41      Il y a lieu de relever que la juxtaposition de deux éléments qui sont en eux-mêmes non distinctifs ne saurait modifier la perception du public visé quant à l’absence de caractère distinctif ab initio de la marque contestée. La juxtaposition d’un damier et d’un motif à trame et à chaîne ne laisse, en effet, apparaître aucun élément qui diverge de la norme ou des habitudes du secteur concerné, en sorte que l’argumentation de la requérante selon laquelle la marque contestée serait complexe, particulière et originale ne saurait prospérer (voir, en ce sens, arrêt Motif à carreaux gris foncé, gris clair, noir, beige, rouge foncé et rouge clair, point 20 supra, EU:T:2012:442, point 70).

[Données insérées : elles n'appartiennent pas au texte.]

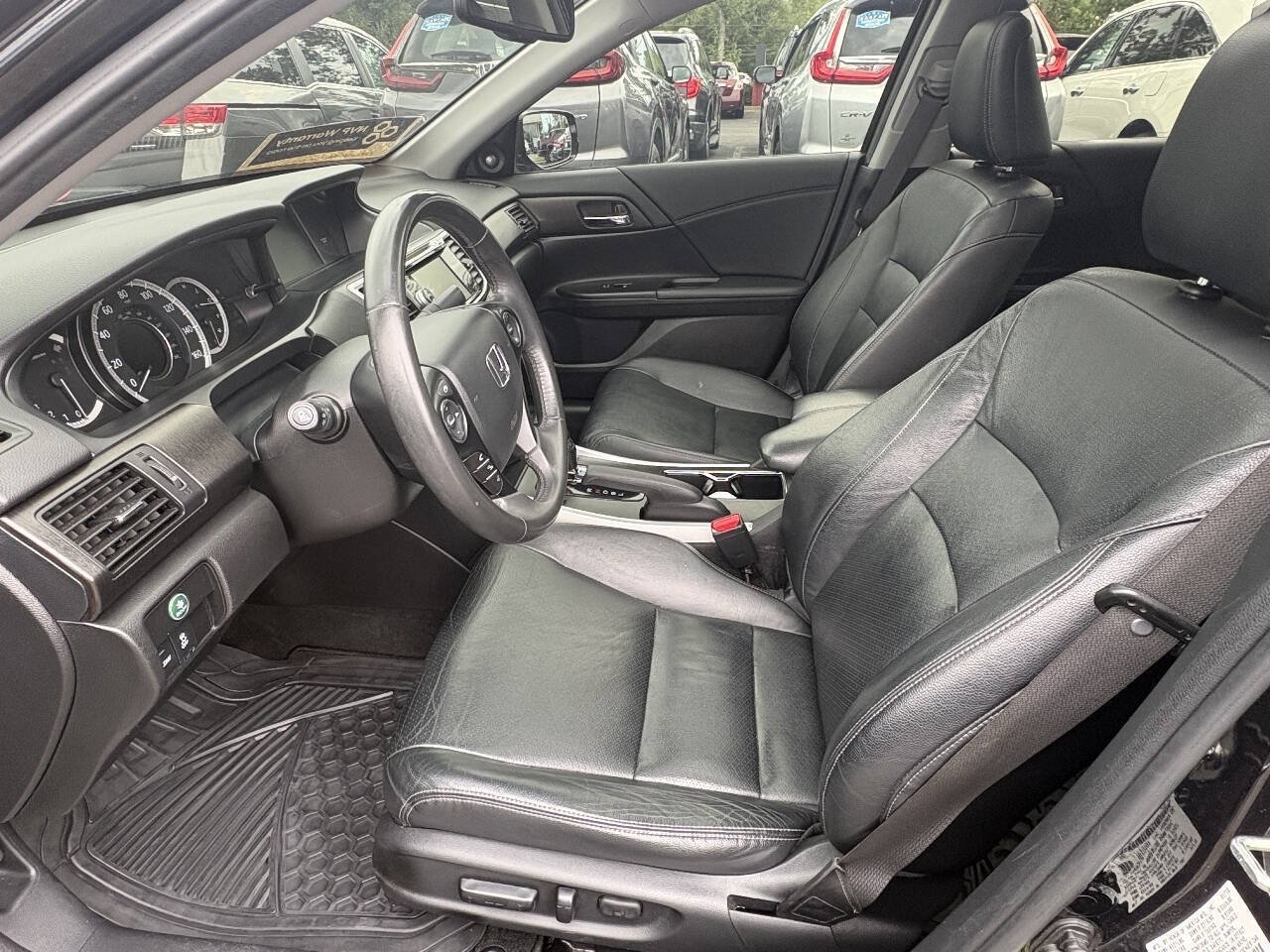 Used 2015 Honda Accord EX-L image 10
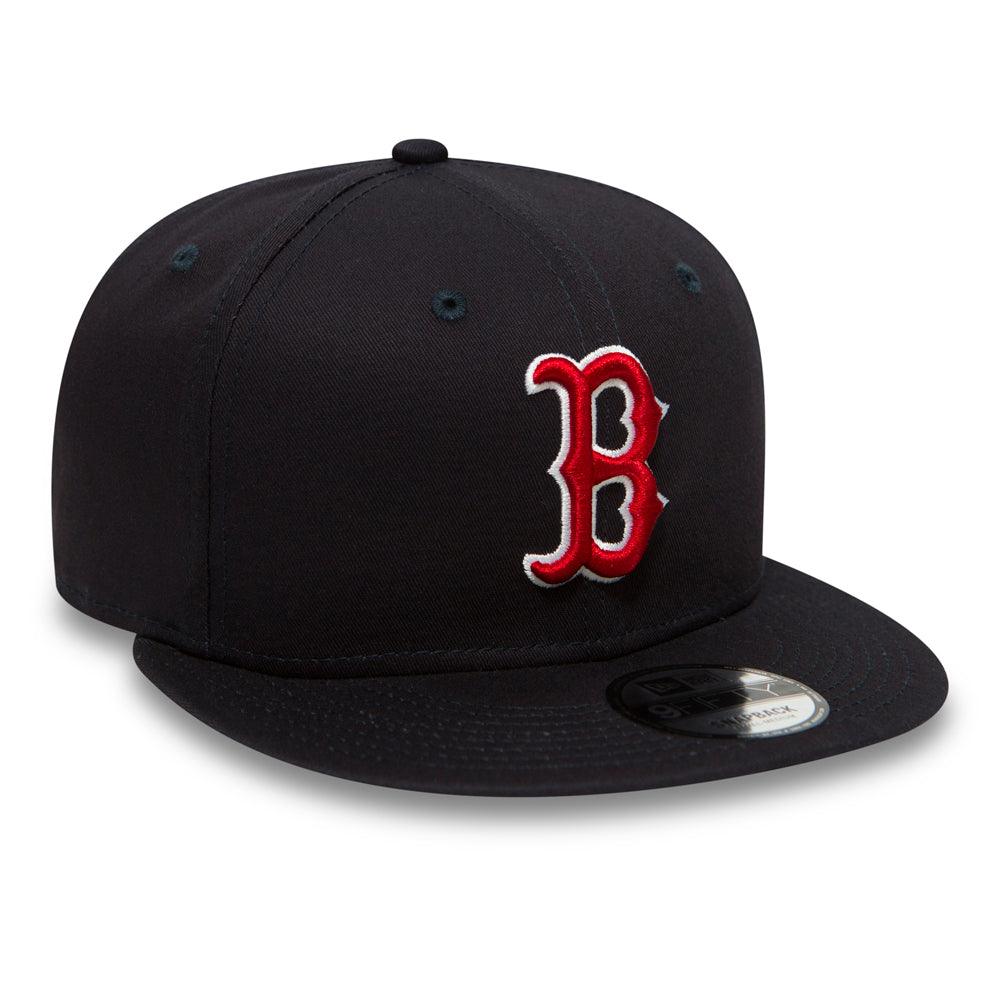 9FIFTY MLB BOSTON RED SOX NAVY SNAPBACK – FAM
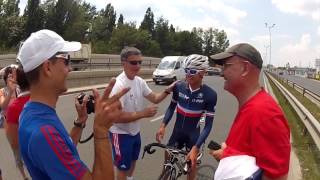 Deaflympics  Sofia 2013  Cycling  Men Sprint 1000m [upl. by Xad]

  • Sur la prétendue acquisition du caractère distinctif

84      Il convient, en outre, de rappeler que, conformément à l’article 1er, paragraphe 2, du règlement n° 207/2009, la marque communautaire a un « caractère unitaire », ce qui implique qu’elle « produit les mêmes effets dans l’ensemble de la Communauté ». Il résulte du caractère unitaire de la marque communautaire que, pour être admis à l’enregistrement, un signe doit posséder un caractère distinctif dans l’ensemble de l’Union. C’est ainsi que, selon l’article 7, paragraphe 2, du règlement n° 207/2009, une marque devra être refusée à l’enregistrement si elle est dépourvue de caractère distinctif dans une partie de l’Union …

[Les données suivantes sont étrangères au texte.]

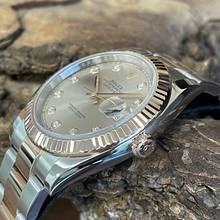 Thumbnail von Rolex Datejust 41 41mm - FULL-SET 2021 - Ref. 126331 </h1>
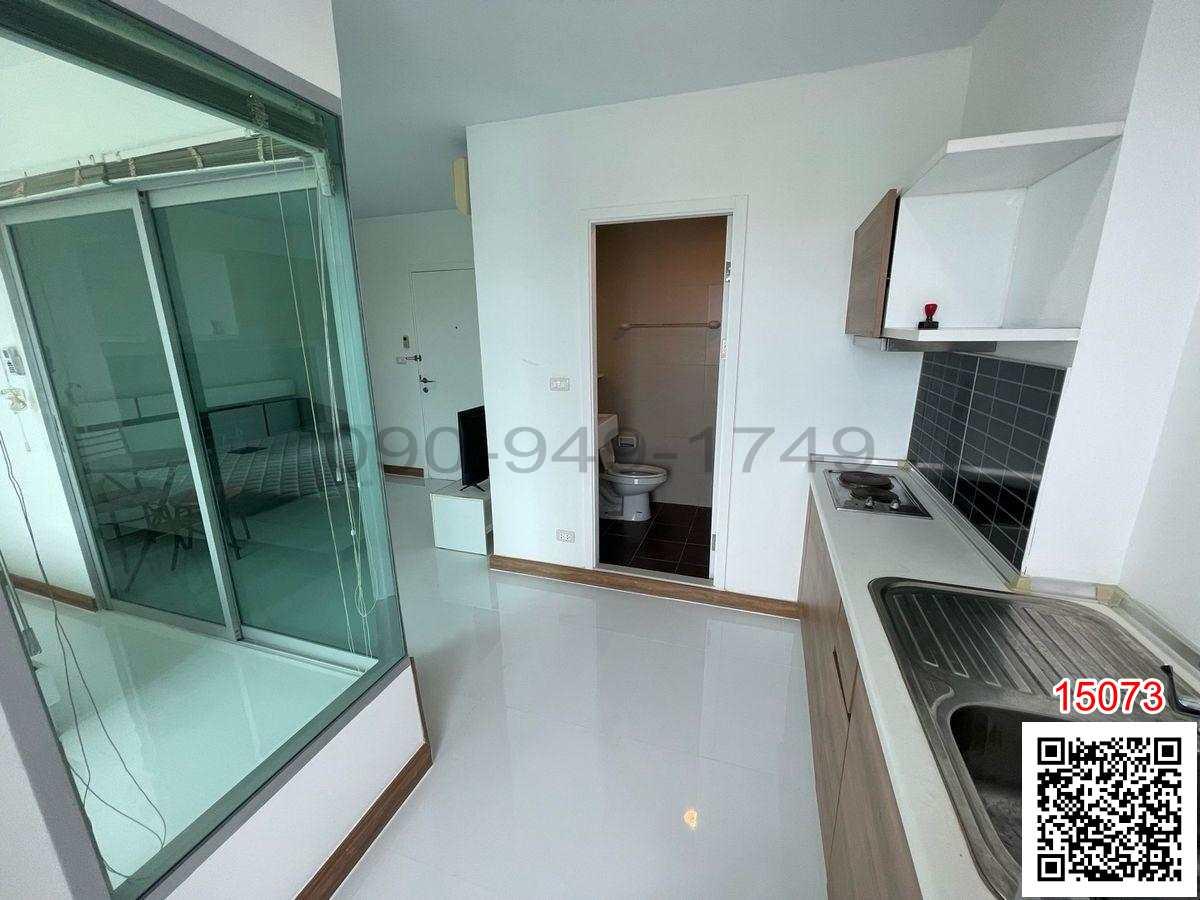 เช่า คอนโด Aspire Rama 4 แอสปาย พระราม 4 ใกล้รถไฟฟ้า BTS เอกมัย / ม.กรุงเทพ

  • A propos des documents apportés pour établir la preuve de l’usage dans quatre pays

104    Il convient de relever que, s’agissant des quatre États membres concernés, à savoir le Danemark, le Portugal, la Finlande et la Suède, la requérante n’a, au regard de la jurisprudence rappelée au point 90 ci-dessus, versé au dossier aucun document contenant des informations concernant la part de marché détenue par la marque contestée, l’intensité et l’importance des investissements faits par l’entreprise pour la promouvoir ainsi que la proportion des milieux intéressés qui identifie le produit comme provenant d’une entreprise déterminée grâce à la marque contestée et n’a transmis aucune déclaration de chambres de commerce et d’industrie ou d’autres associations professionnelles.

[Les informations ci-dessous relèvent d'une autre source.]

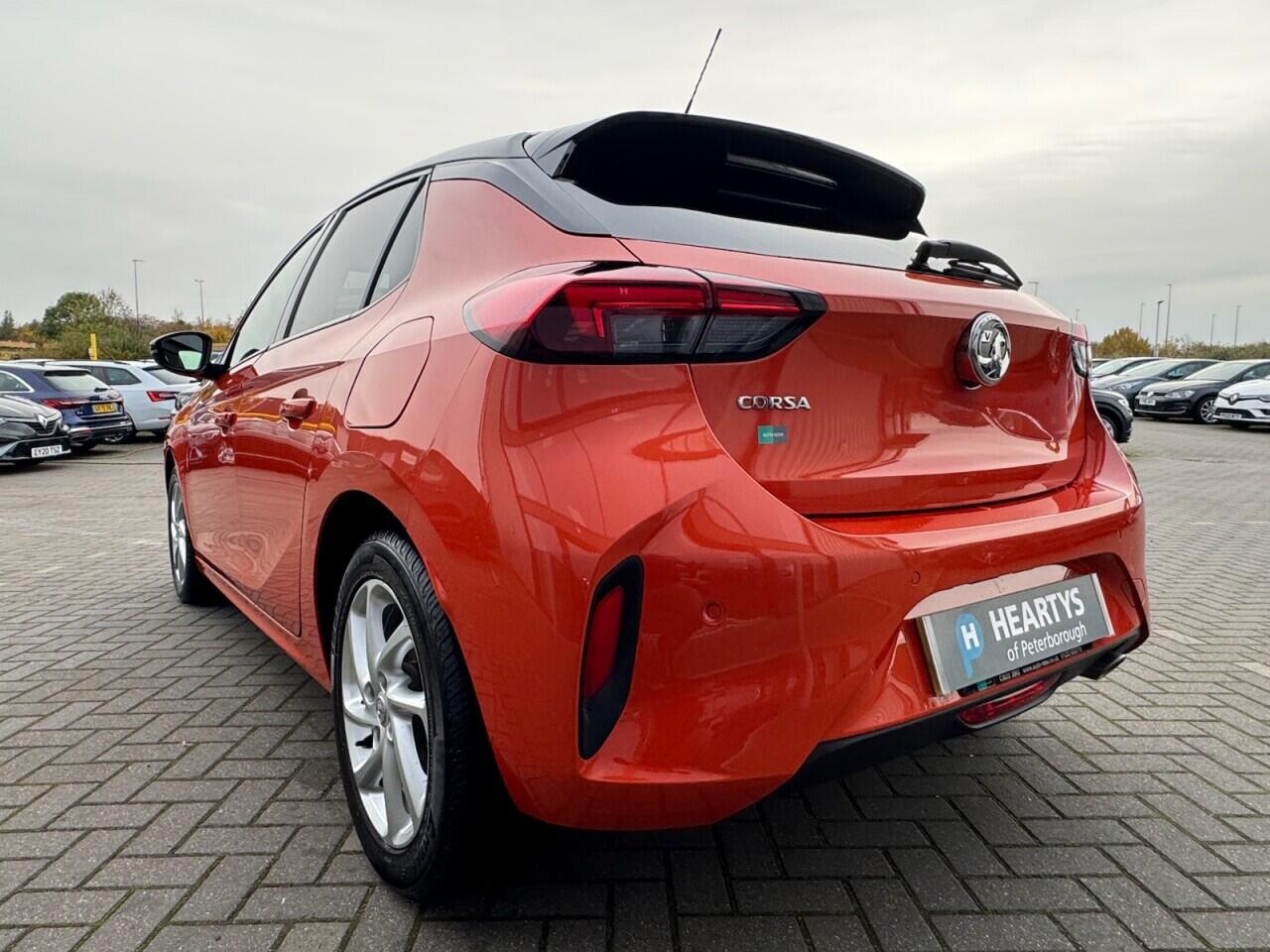 Used Vauxhall Corsa 2020 for sale - 76701856: Photo 18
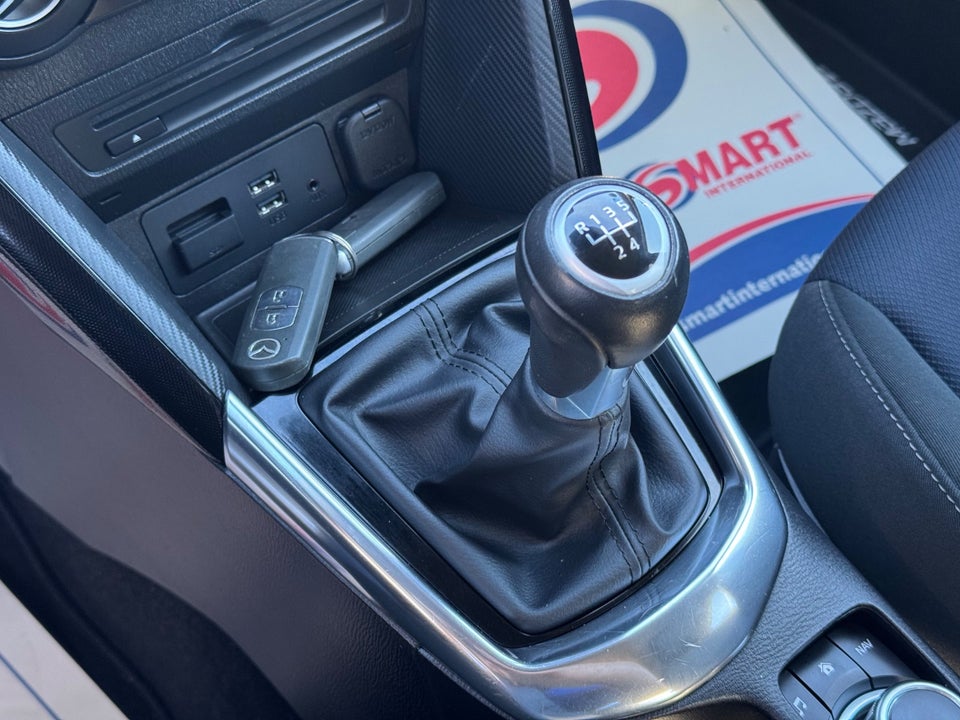 Mazda 2 1,5 SkyActiv-G 90 Vision 5d
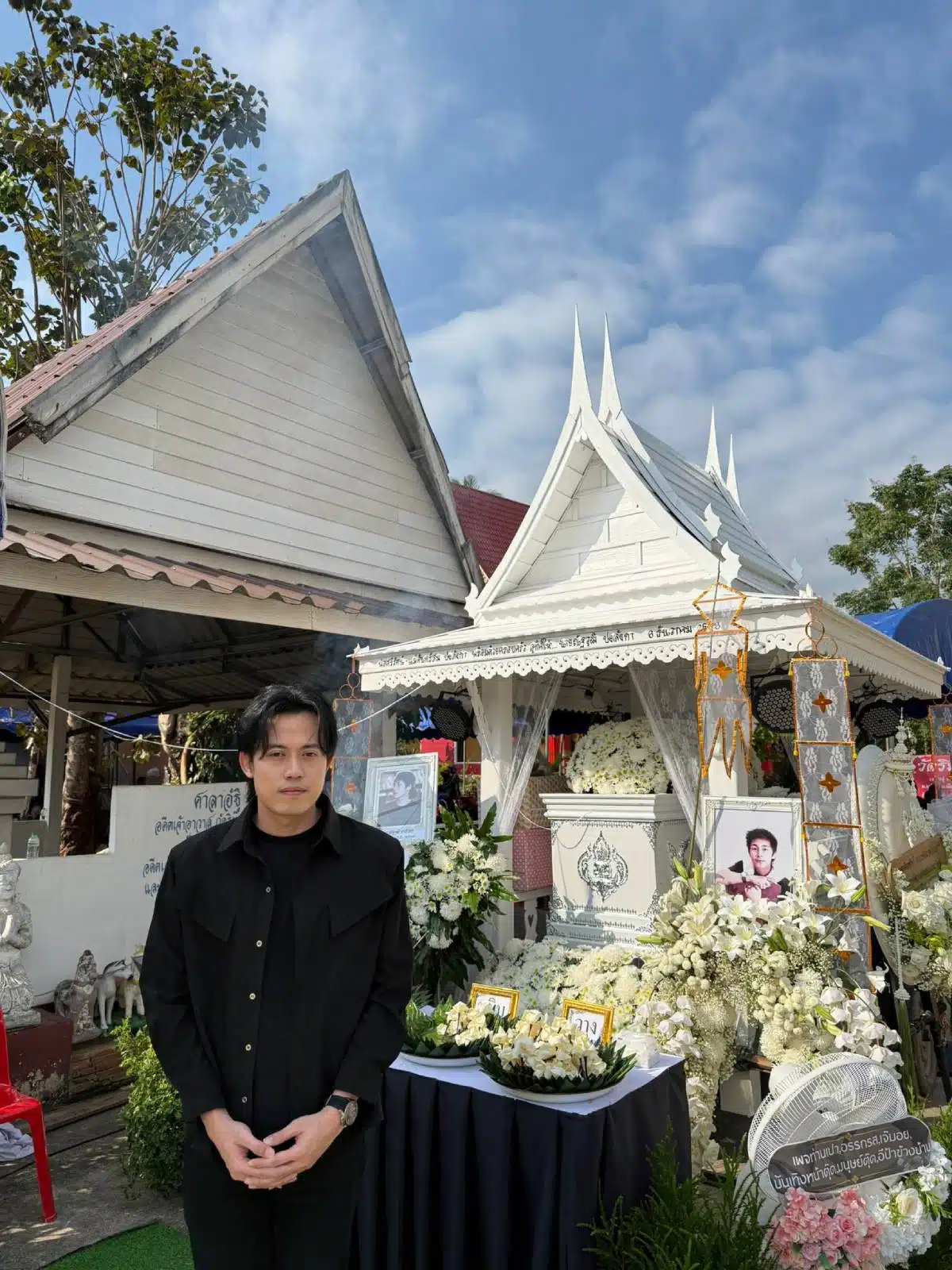 ไอซ์สารวัตรกิจพานิชย์ส่งนัทปงครั้งสุดท้าย วันที่ 6 ธันวาคม 2568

105    Lors de l’audience, le conseil de la requérante a, en réponse à une question posée par le Tribunal, confirmé qu’il n’avait fourni aucun des éléments mentionnés au point 104 ci-dessus au motif que la requérante ne connaissait pas la jurisprudence et que seuls avaient été utilisés dans le cadre de la procédure administrative les éléments mis à sa disposition.

120    Il appartenait donc à la requérante de faire la preuve de l’acquisition d’un caractère distinctif par l’usage dans la partie de l’Union dans laquelle la marque contestée était ab initio dépourvue de tout caractère distinctif, soit, en l’occurrence, dans l’ensemble de l’Union. Or, ainsi qu’il résulte du point 104 ci-dessus, la requérante n’a versé au dossier aucun des éléments mentionnés dans la jurisprudence rappelée au point 90 ci-dessus et les éléments produits par elle, tels qu’ils ressortent du point 95 ci-dessus, ne démontrent pas que la marque contestée a acquis un caractère distinctif par l’usage au Danemark, au Portugal, en Finlande et en Suède.